L’histoire : Franck et Thomas sont envoyés dans une cité du Sud de la France par le label d’une maison de disques pour réaliser le clip de Tony, le “CaÏd” , qui est rappeur et dealer de drogue. Alors que la situation est assez tendue car la bande à Tony n’apprécie pas d’être filmée, les évènements dégénèrent et les 2 techniciens deviennent témoins d’une guerre des gangs.

Durée de visionnage ?

Environ 1h40 pour voir l’intégrale de la série (10 épisodes de 10 minutes chacun) .

« Un 100€ de frappe et un 50€ de machin, s’te-plaît.» Vous avez suivi ?

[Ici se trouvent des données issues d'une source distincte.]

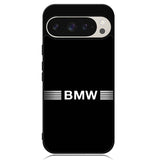 BMW Logo Black Google Pixel 9 Pro XL Case OV9478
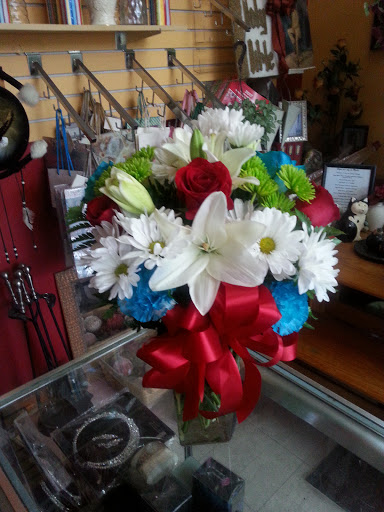 Florist «The Flower Pot & Basket Shop», reviews and photos, 5631 W Madison St, Chicago, IL 60644, USA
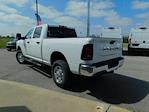 New 2025 Ram 2500 Tradesman Crew Cab 4x4 Pickup for sale #S8663 - photo 7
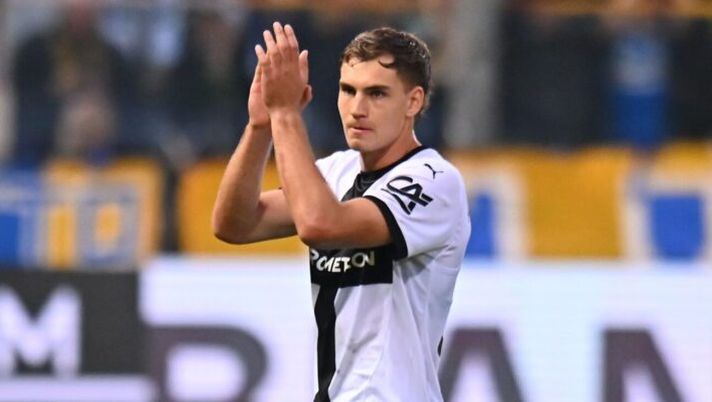 Il Parma vince 2-0 in Coppa Italia con doppietta di Pellegrino: Valeri fa gli assist, Lovik… - immagine 1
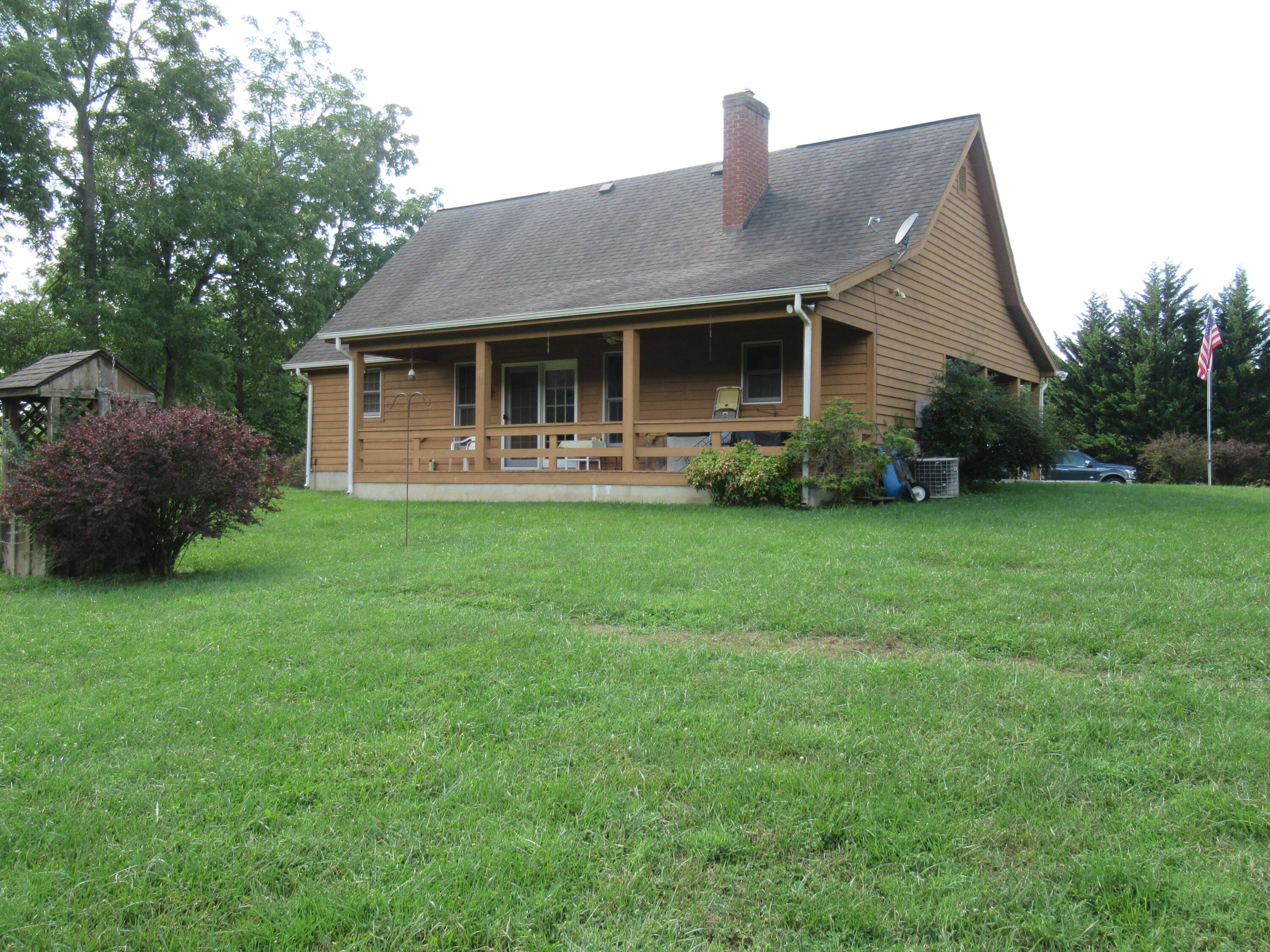 2779 Stone House Road Lewisburg, WV 24901 - Photo 36 of 53 Gallery Image 36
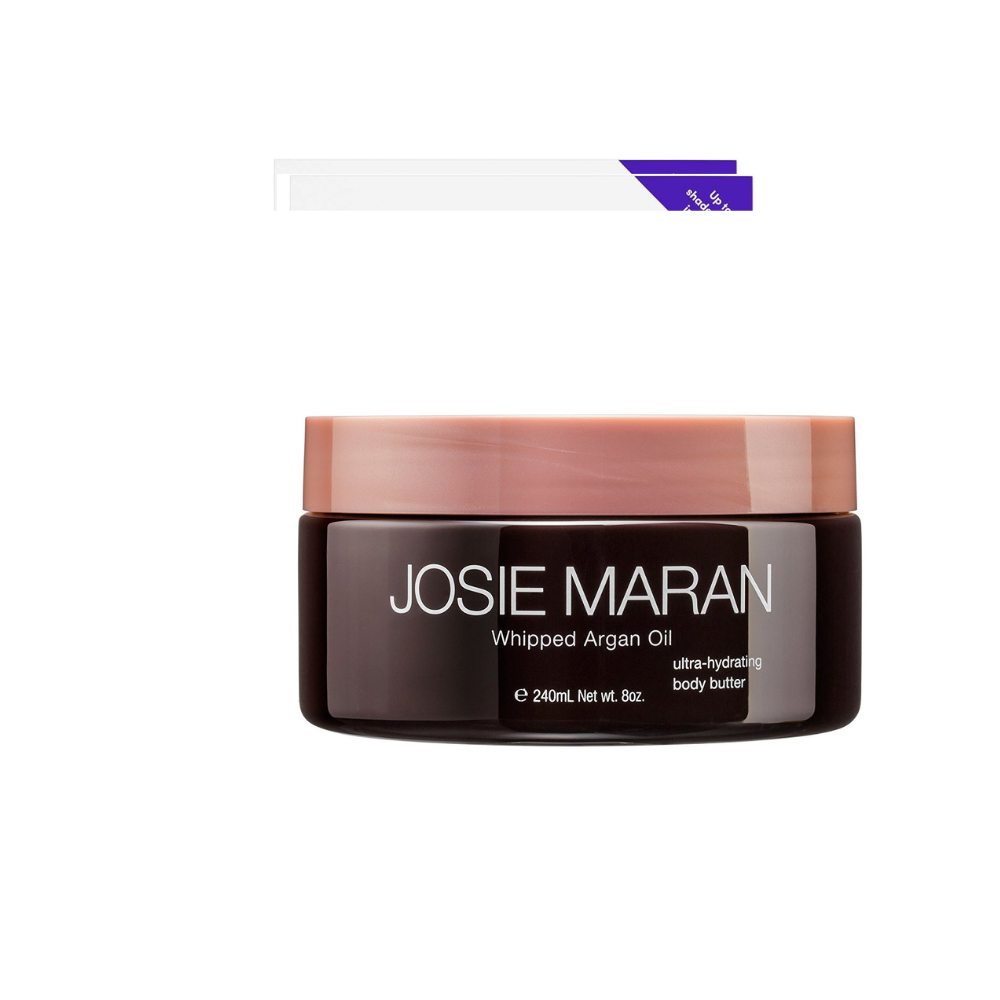 osie Maran Whipped Argan Oil Ultra-Hydrating Body Butter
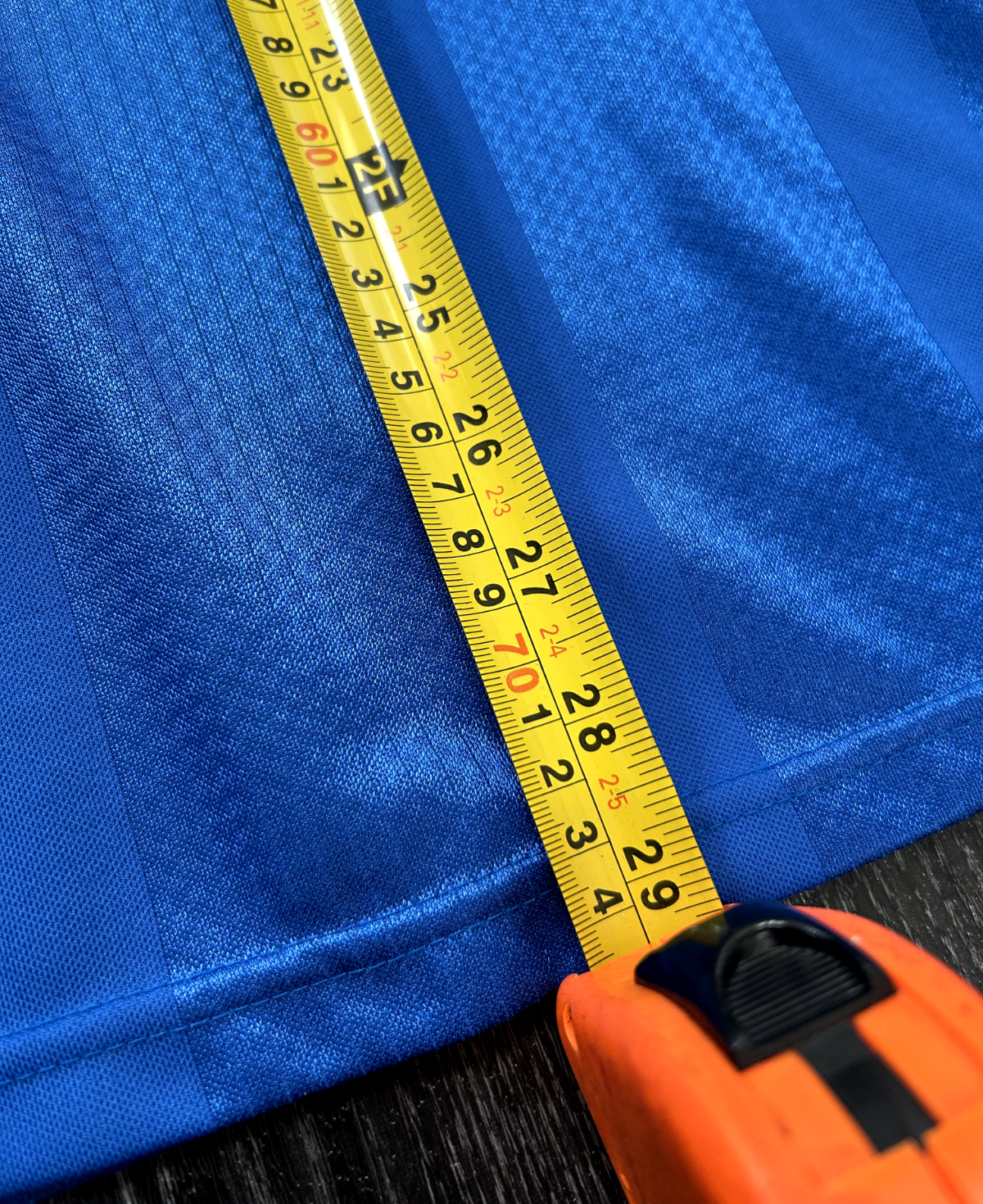 Original Authentic Umbro Chelsea 1997/1998 Home Shirt Mens Extra Large11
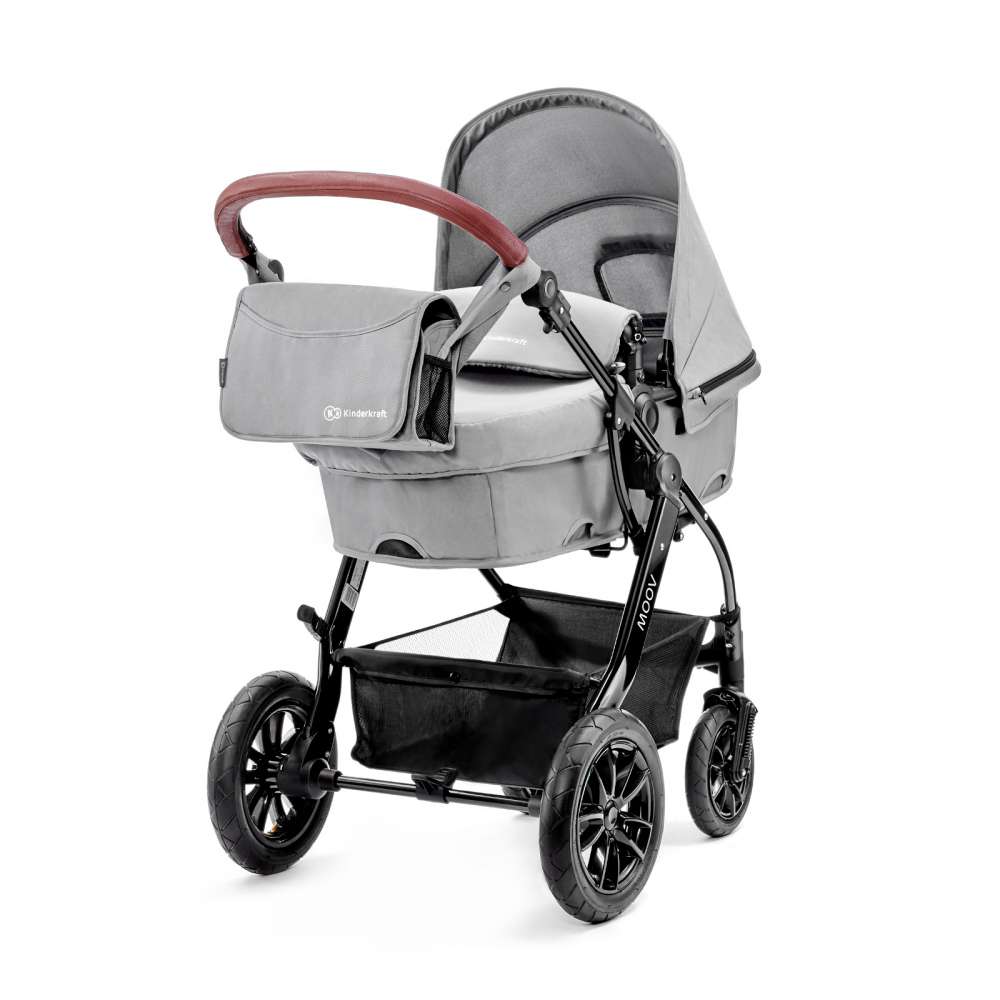 KINDERKRAFT MOOV GRAY (KKWMOOVGRY00NC)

D’abord le film “Caïd” , ensuite la série

Avant d’aller plus loin sur la série parlons d’abord de la génèse du projet car c’est une belle histoire. Cette série c’est à la base le remake d’un film qui s’appelle aussi Caïd, sorti en 2017, écrit et réalisé par Ange Basterga et Nicolas Lopez, qui sont également les créateurs de la série. D’ailleurs ils ont été aidés dans l’écriture de la mini-série par Nicolas Peufaillit, scénariste notamment de Un Prophète. Le film avait à l’époque été auto-produit avec un budget de 70 000 € et tourné en 4 jours dans une cité à Martigues avec des comédiens amateurs de Marseille et des alentours. Faute de diffuseur le film n’est pas sorti en salle mais a tout de même su se faire remarquer en obtenant le grand prix du festival du Polar de Cognac 2017. Pour la petite anecdote, il était passé devant le film Carbone d’Olivier Marchal (la bonne grosse production française avec Benoit Magimel, Laura Smet, Gérard Depardieu et j’en passe, un film avec un budget de 10 millions d’euros) . C’est dans ce contexte que le producteur de French Kiss va les remarquer et va se rapprocher d’eux pour leur proposer d’adapter leur film en mini-série qui sera diffusée sur Netflix. Basterga et Lopez vont accepter et vont insister pour conserver la plupart des acteurs du film pour ce remake.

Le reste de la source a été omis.